§ **Task instructions**
Please output exactly the lines from the one containing "Suzuki King Quad" through the end of the records below, leaving out any pictures.

§ **Entries supplied**
- - - - - - -

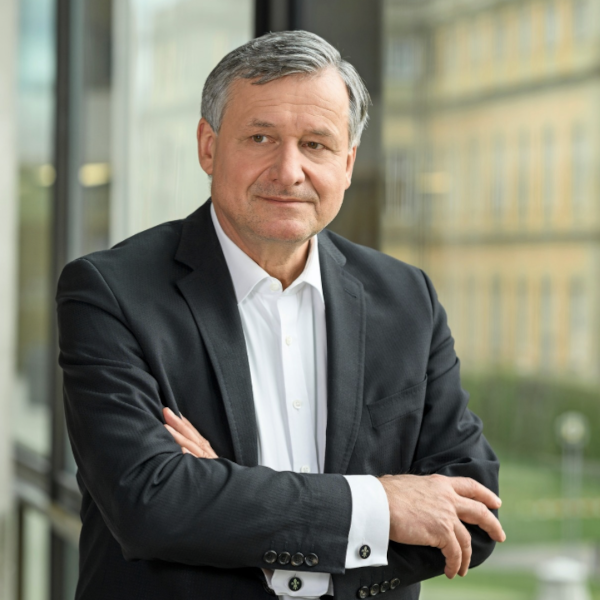 Kurswechsel im Südwesten: FDP setzt auf Schwarz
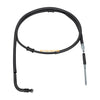 Suzuki King Quad 450 700 Rear Parking Brake Cable (2005–2010)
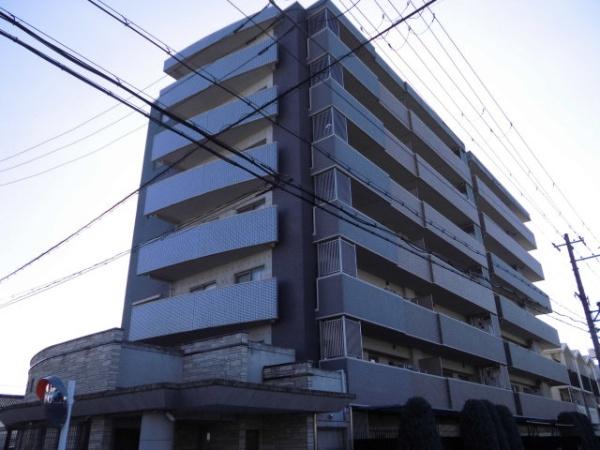 ネバーランド伏見丹波橋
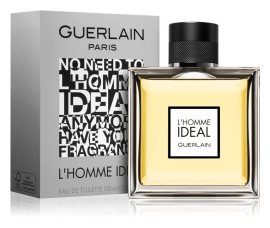 Guerlain L'Homme Ideal 100ml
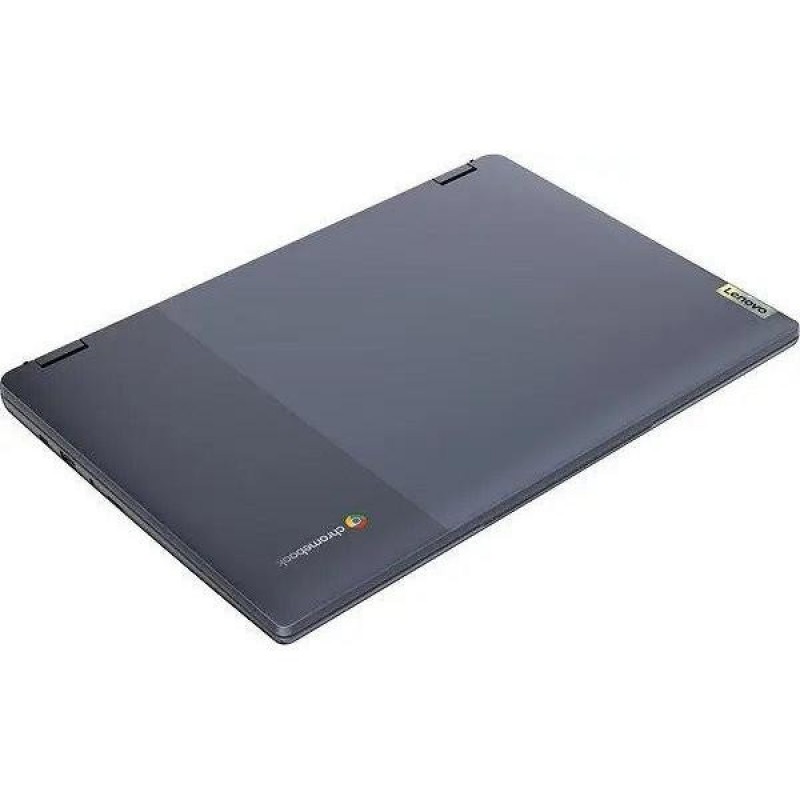 Хромбук Lenovo IP Flex 3 Chrome 15IJL7 (82T3000DUS)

- - - - - - -

§ **Response to the task**
 Suzuki King Quad 450 700 Rear Parking Brake Cable (2005–2010)
 ネバーランド伏見丹波橋
 Guerlain L'Homme Ideal 100ml
 Хромбук Lenovo IP Flex 3 Chrome 15IJL7 (82T3000DUS)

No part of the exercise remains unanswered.